Cumhurbaşkanı Erdoğan New York'ta açıklamalarda bulundu
Son Güncelleme: 25 Eylül 2019 Çarşamba 17:18
25 Eylül 2019 Çarşamba 15:35

Cumhurbaşkanı Recep Tayyip Erdoğan New York'ta açıklamalarda bulunuyor.

Cumhurbaşkanı Erdoğan'ın konuşmasının satır başlıkları:

Unutulmamalıdır ki, holokosttan Bosna'ya Ruanda'dan Myanmar'a insanlığa karşı işlenen en büyük suçların öncesinde nefret söylemi duyulmuştur. Ruanda'da milyonlar öldürülmüştür ama kimse Batı'ya nasıl yaptını dememiştir. Aynı şekilde uluslararası toplum bu acı tecrübelerden gereken dersleri çıkarmamıştır.

Christchurch'te 2 camiye gerçekleştirilen terör saldırısı sorunun boyutunu gözler önüne sermiştir. Terör eyleminden sonra örnek bir tutum sergileyen yeni Zelanda halkına buradan teşekkür ederim. Bu eylem Müslümanları ve masum insanları hedef alan ne ilk ne de son eylemdir. 1993 yılında Solingen'de Neo Naziler 5 vatandaşımızı evlerini ateşe vererek katlettiler. 2011'de Oslo yakınlarındaki bir adada 77 can beyaz ırkın üstünlüğüne inanan bir cani tarafından öldürüldü. 2017 yılında Kanada'daki cami saldırısında 6 Müslüman hayatını kaybetti. Günümüzde nefret söylemine, ayrımcılığa, ırkçılığa en fazla maruz kalanlar Müslümanlardır.
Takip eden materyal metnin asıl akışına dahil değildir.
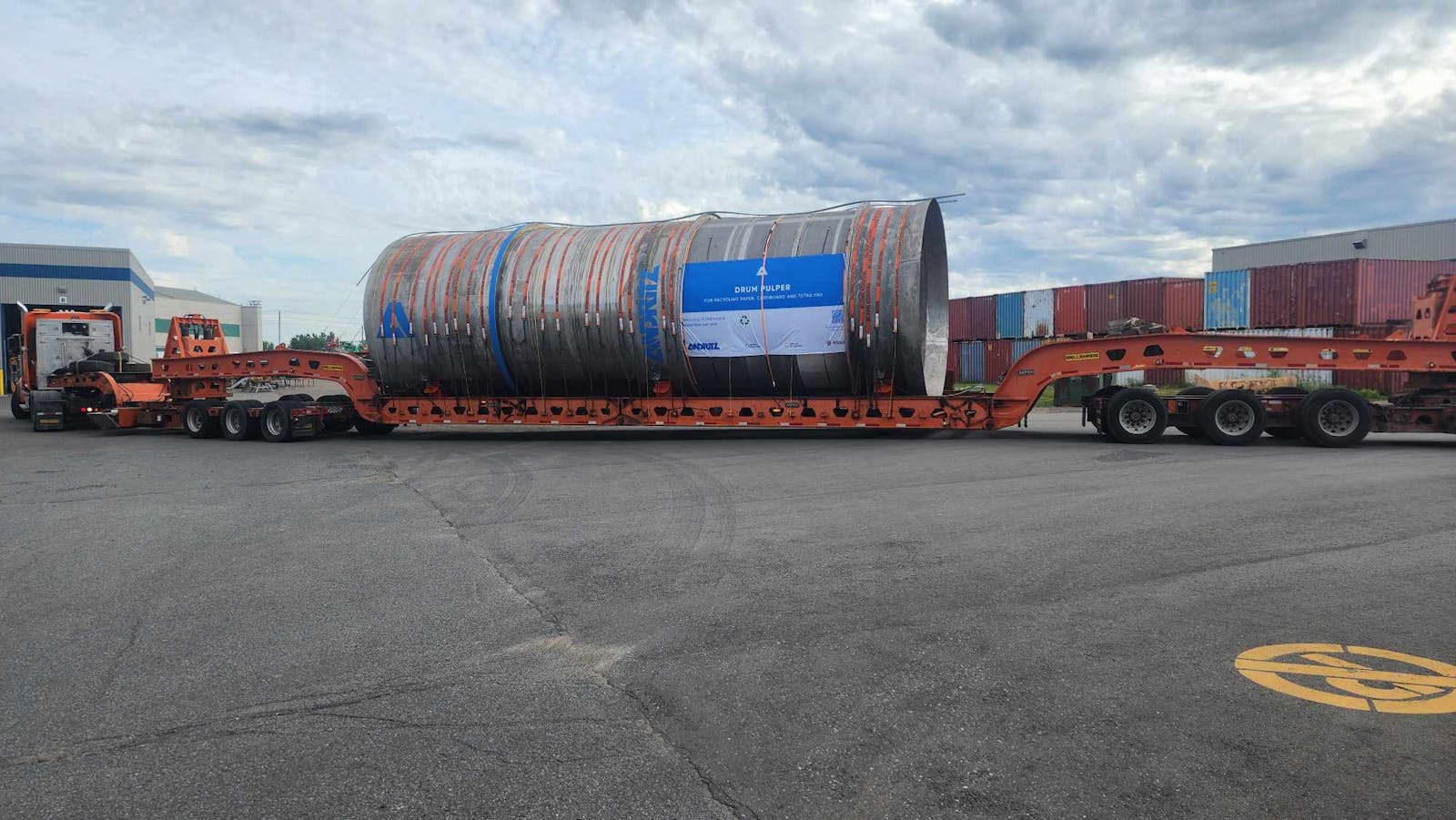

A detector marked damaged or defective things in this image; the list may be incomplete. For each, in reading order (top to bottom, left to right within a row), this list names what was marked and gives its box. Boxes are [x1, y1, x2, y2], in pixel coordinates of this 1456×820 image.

cracked asphalt [0, 413, 1450, 815]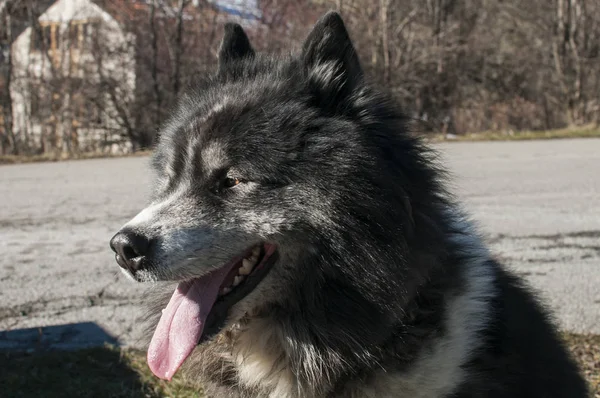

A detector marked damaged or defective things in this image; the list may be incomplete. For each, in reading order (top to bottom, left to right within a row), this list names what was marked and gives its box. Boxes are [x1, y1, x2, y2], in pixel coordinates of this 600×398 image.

cracked pavement [0, 138, 596, 350]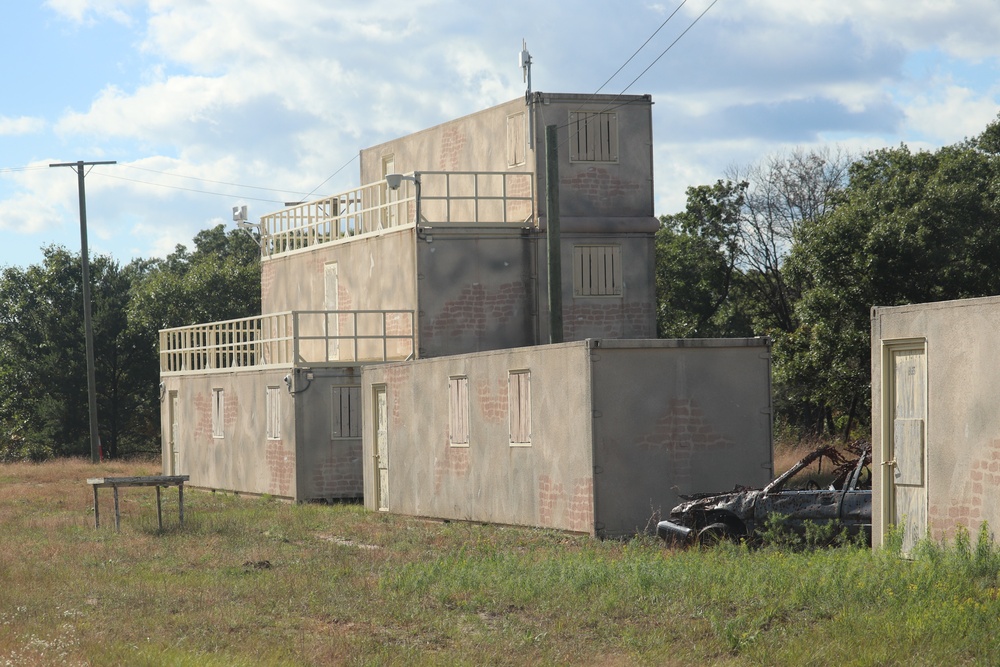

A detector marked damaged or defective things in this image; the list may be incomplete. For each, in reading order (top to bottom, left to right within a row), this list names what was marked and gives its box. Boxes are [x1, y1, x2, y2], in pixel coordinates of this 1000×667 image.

burned car [656, 446, 868, 544]
charred car body [656, 446, 868, 544]
rusted car frame [656, 446, 868, 544]
wrecked car [656, 444, 868, 548]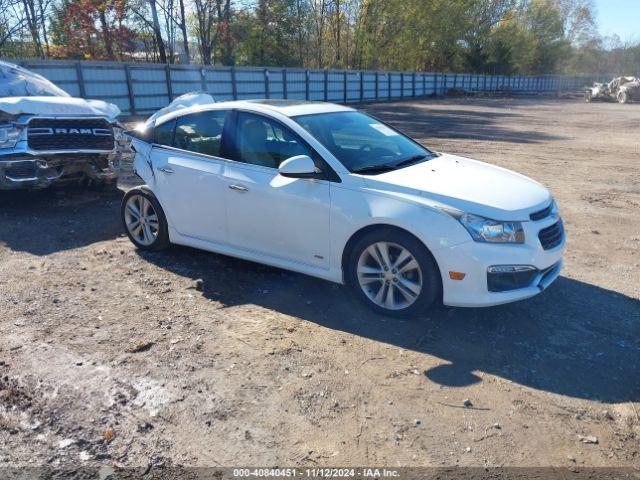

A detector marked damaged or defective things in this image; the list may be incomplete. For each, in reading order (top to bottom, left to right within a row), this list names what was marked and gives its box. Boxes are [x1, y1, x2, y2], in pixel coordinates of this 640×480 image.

damaged ram truck [0, 59, 130, 188]
wrecked vehicle [0, 61, 130, 191]
wrecked vehicle [584, 76, 640, 104]
damaged ram truck [584, 76, 640, 104]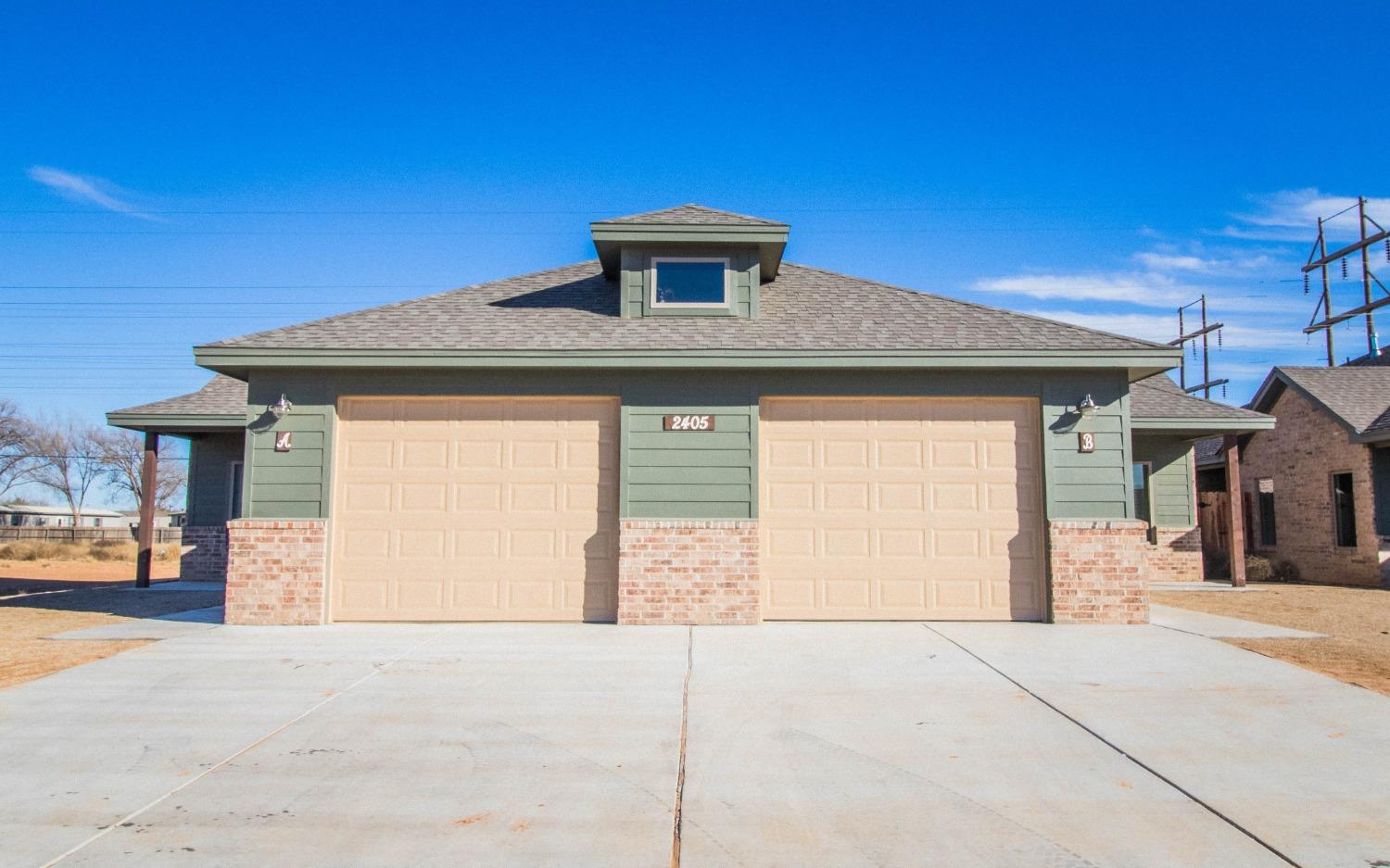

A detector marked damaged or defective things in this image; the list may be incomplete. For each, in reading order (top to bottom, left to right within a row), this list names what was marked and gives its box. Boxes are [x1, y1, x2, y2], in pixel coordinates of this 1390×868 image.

crack in concrete [923, 622, 1301, 866]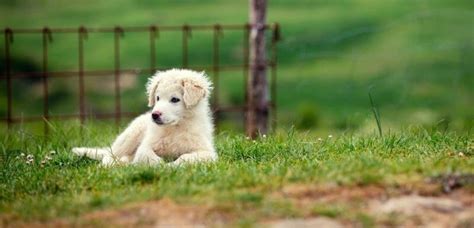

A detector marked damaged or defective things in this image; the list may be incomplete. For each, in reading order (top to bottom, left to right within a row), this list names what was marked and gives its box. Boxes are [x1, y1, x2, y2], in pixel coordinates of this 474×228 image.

rusty fence post [246, 0, 268, 137]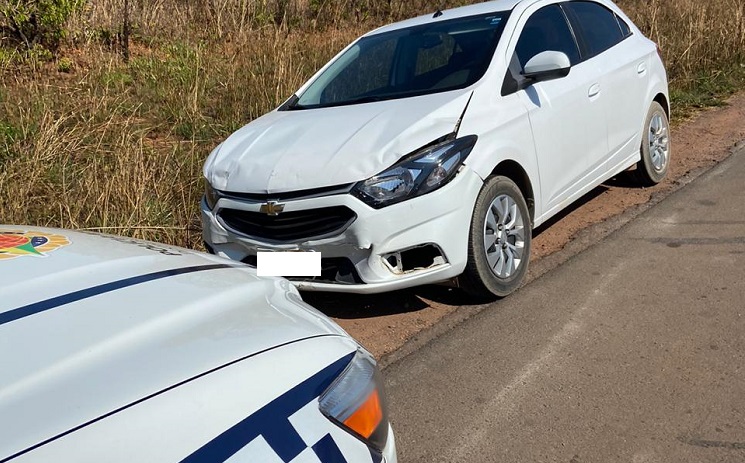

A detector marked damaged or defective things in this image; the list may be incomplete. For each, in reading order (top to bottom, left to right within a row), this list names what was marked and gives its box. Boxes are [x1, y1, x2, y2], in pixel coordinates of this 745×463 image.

dented hood [203, 89, 470, 193]
damaged white hatchback [201, 0, 672, 300]
damaged front bumper [203, 169, 482, 294]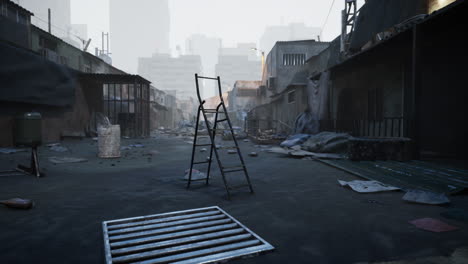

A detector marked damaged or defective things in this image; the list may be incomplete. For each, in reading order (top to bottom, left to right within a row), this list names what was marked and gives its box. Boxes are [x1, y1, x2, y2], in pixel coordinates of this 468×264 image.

torn tarp [0, 41, 75, 107]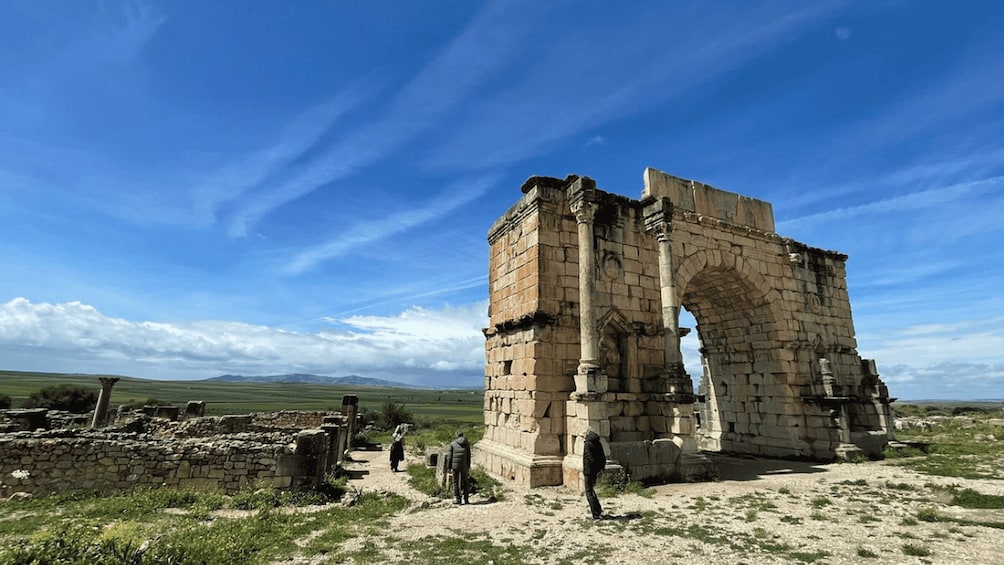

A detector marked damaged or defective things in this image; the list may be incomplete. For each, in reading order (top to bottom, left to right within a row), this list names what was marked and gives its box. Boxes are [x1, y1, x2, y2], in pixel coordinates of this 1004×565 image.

broken architectural fragment [476, 167, 896, 490]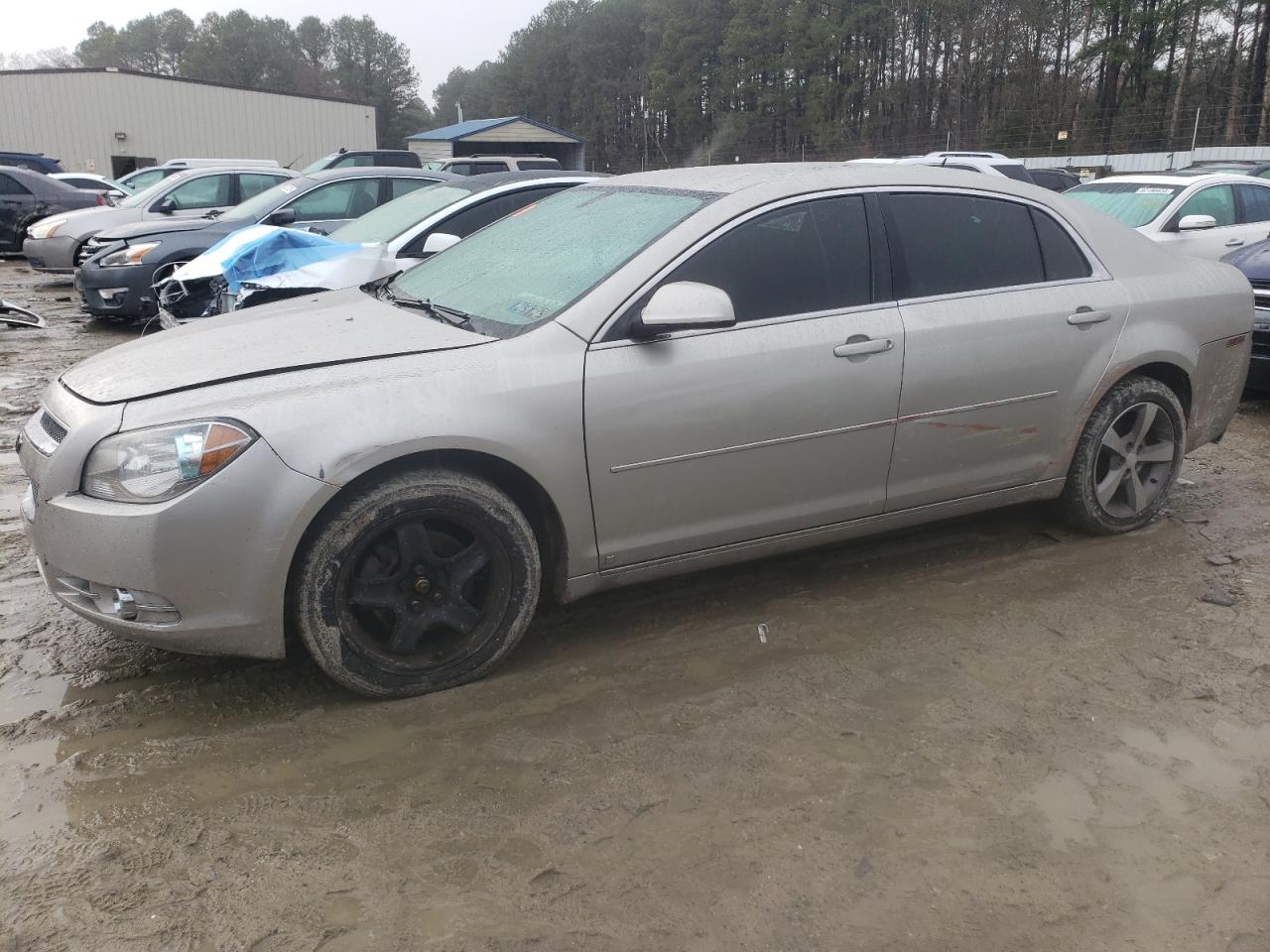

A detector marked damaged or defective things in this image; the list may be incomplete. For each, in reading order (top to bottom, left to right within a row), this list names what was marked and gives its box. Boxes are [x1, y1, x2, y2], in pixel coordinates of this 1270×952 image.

damaged windshield [381, 186, 718, 339]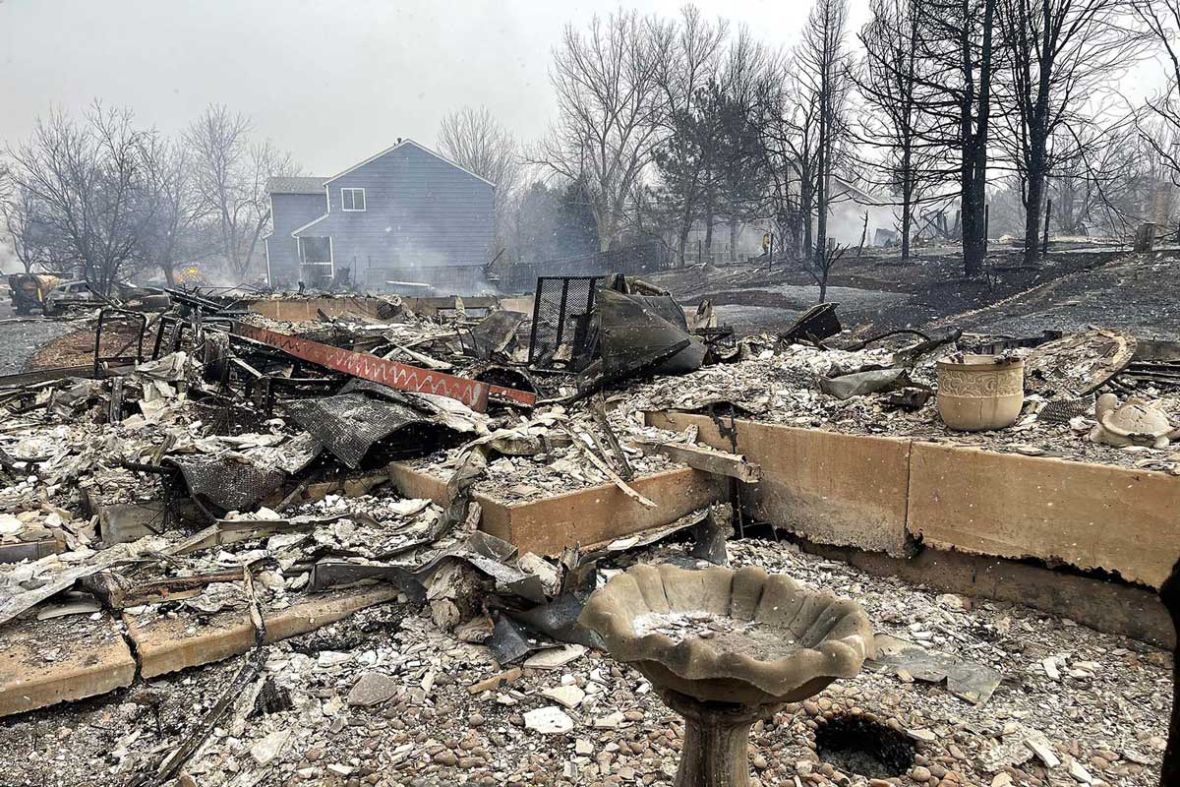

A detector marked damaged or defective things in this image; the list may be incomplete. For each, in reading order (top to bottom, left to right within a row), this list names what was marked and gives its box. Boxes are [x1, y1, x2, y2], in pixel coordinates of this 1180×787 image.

rusted steel i-beam [230, 323, 535, 415]
crumpled metal sheet [285, 391, 464, 471]
crumpled metal sheet [168, 453, 285, 514]
broken concrete slab [0, 613, 135, 722]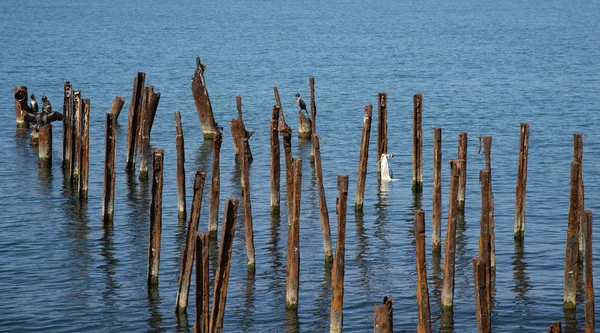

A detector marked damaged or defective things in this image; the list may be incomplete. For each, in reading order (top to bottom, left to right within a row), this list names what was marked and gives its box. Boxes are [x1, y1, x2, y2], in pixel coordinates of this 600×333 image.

broken wooden post [123, 72, 144, 171]
broken wooden post [146, 148, 163, 286]
broken wooden post [176, 170, 206, 312]
broken wooden post [191, 56, 219, 139]
broken wooden post [209, 197, 239, 332]
broken wooden post [240, 137, 256, 270]
broken wooden post [314, 134, 332, 262]
broken wooden post [330, 174, 350, 332]
broken wooden post [354, 105, 372, 210]
broken wooden post [376, 296, 394, 332]
broken wooden post [412, 209, 432, 330]
broken wooden post [440, 158, 464, 308]
broken wooden post [510, 122, 528, 239]
broken wooden post [564, 161, 580, 308]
Müslüman kadınlar sırf başörtüsü taktıkları için sokakta, çarşıda, işyerlerinde tacize uğruyor. Yurtdışındaki 6.5 milyon insanı nefret söyleminden etkilenen bir ülke olarak buna göz yumamayız.

Mevzuattaki boşluklar düzeltilmeli. Nefret söylemi fikir özgürlüğü sınıfına asla alınmamalıdır. Son dönemde özellikle Hindistan'da Keşmir olaylarıyla bütünleşen bir dönemde, sadece inek eti yedikleri için ölüme mahkum edilen Müslüman gençlerin haklarını nasıl savunur hale geleceğiz? Sen nasıl inek eti yersin? Böyle bir saçmalama olabilir mi? Onlara mı soracağız? Herkesin herhalde vejetaryan olması beklenemez. Benim inancımın gereği bu değil. Ben senin inancına saygı duyuyorum, sen bana neden duyuyorsun? Bizim ülkemizde domuz eti yiyenler var. Biz bunlara müdahale etmiyoruz. Onun inancının gereği odur, yiyebilir.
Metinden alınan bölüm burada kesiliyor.